Table 4 Associations of traits with SNPs in or near (up to 200 kb away) 6 well-replicated genes in the published literature with a p-value < 0.05 in either FBAT or GEE.

Discussion

Principal findings

We report results of GWAS of Echo, ETT and BA function traits in a moderate-size community-based sample using several complementary analytical approaches. Our principal findings are five-fold. First, we observed modest to strong evidence of heritability for several Echo, ETT and BA function traits, underscoring the contribution of additive genetic effects to interindividual variation in these traits. Our heritability findings confirm prior reports for some of the traits [18, 20, 22, 23, 27, 28, 52], including from our group [14, 24]. Second, notwithstanding the modest-to-high heritability, none of the SNP-trait associations we observed achieved genome-wide significance (conservative Bonferroni correction p of 5*10-8). Therefore, any associations presented should be viewed as hypothesis-generating, with need for replication in additional samples. Third, our investigation highlights some of the challenges inherent in the interpretation of GWAS results. We did not observe any overlap between the top SNPs noted in GEE-based versus FBAT-based analyses, in part due to the inherent differences in the two analytical methods (see Overview for details [37]). Fourth, notwithstanding the lack of genome-wide statistical significance, our data do suggest several interesting biological candidates among the SNPs most strongly associated with different traits in the various analytical approaches (see discussion below). Fifth, we were quite limited in our ability to replicate findings for genetic variants previously associated with the traits that we investigated because specific coverage of such genetic variation in these candidates was limited in the Affymetrix 100K GeneChip. Therefore, the lack of replication of SNPs in proximity to 6 genes previously reported to be associated with Echo, ETT and BA traits should be interpreted with great caution. It is interesting that several weak associations (p between 0.05 and 10-3) were observed between traits in the three groups and SNPs in proximity to selected candidate genes evaluated (ADRB1, AGT and AGTR1).

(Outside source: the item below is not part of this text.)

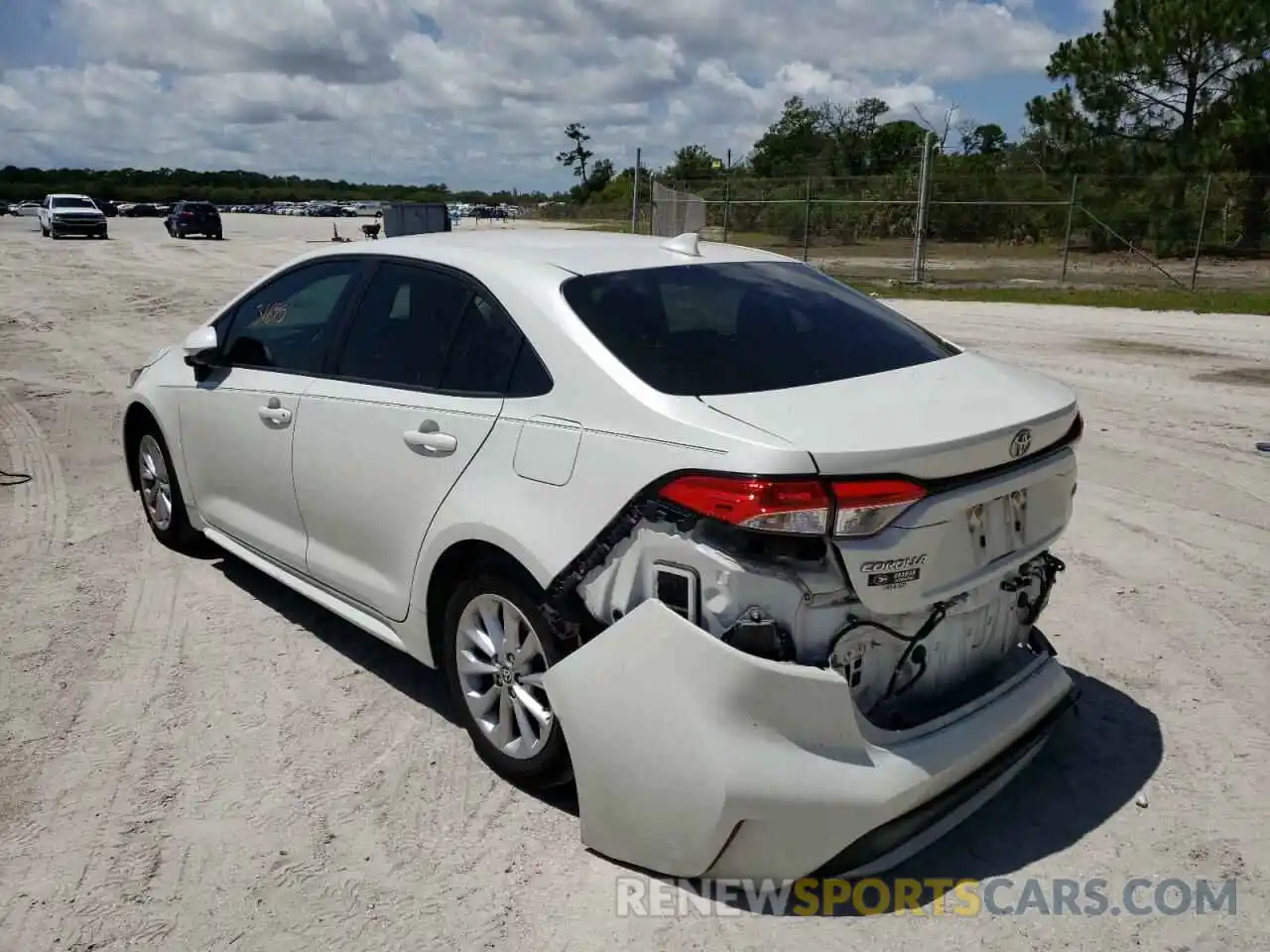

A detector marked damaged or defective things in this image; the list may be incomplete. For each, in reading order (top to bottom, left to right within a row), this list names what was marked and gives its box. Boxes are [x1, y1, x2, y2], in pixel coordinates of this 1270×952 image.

broken tail light housing [655, 474, 924, 540]
damaged rear of car [533, 254, 1081, 878]
detached rear bumper [541, 599, 1077, 883]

Potential biological candidates among observed associations

In our GWAS of Echo traits, a SNP in SLIT2 was associated with Echo LV diastolic dimension in several analyses. SLIT2 is an evolutionarily highly conserved gene that encodes a putative secreted protein, which contains conserved protein-protein interaction domains including leucine-rich repeats and epidermal growth factor-like motifs [53]. The gene has multiple effects but has been recently identified to have a novel role in vascular function by contributing to migratory mechanisms in vascular smooth muscle cells [54]. Likewise, the associations of LV mass with HSPA8, and of LA size with PDE4B are consistent with the key role of heat shock protein expression [55] and T-cell mediated immune responses [56], respectively, in myocardial hypertrophic responses to insults or hemodynamic overload.

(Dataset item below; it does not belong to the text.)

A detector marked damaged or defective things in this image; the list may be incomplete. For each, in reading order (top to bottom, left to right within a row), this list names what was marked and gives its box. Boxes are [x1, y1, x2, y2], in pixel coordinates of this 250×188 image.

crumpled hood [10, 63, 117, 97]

Analyses of ETT traits provided some interesting results. The association of a SNP in RYR2 with exercise heart rate responses in multiple analyses is quite consistent with the fundamental role of the ryanodine receptor on the sarcoplasmic reticulum in calcium trafficking during cardiac muscle excitation-contraction coupling [57]. Furthermore, RYR2 has been implicated in exercise-induced polymorphic ventricular tachyarrhythmias [58]. Using FBAT, SNPs in PRKAG2 were associated with heart rate during the recovery period post-exercise. Mutations in PRKAG2, an enzyme that modulates glucose uptake and glycolysis [59], are associated with glycogen-filled vacuoles in cardiomyocytes. The phenotypic manifestations include cardiac hypertrophy, ventricular pre-excitation and conduction system disturbances, encompassed together in the Wolff-Parkinson-White syndrome [60].

Genetic linkage analyses of ETT traits identified peaks on chromosomes 5 and 22 for exercise heart rate. The 1.5 LOD support intervals for these peaks included MEF2C and MAPK1, respectively. MEF2C is a critical regulator of cardiac morphogenesis [61]. Additionally, overexpression of MEF2C in experimental studies is associated with disturbances in extracellular matrix remodeling, ion handling, and metabolism of cardiomyocytes [62]. The peak on MAPK1 is of interest because a recent investigations highlighted the role of MAPK signaling in mediating the responses of skeletal muscles to exercise training [63].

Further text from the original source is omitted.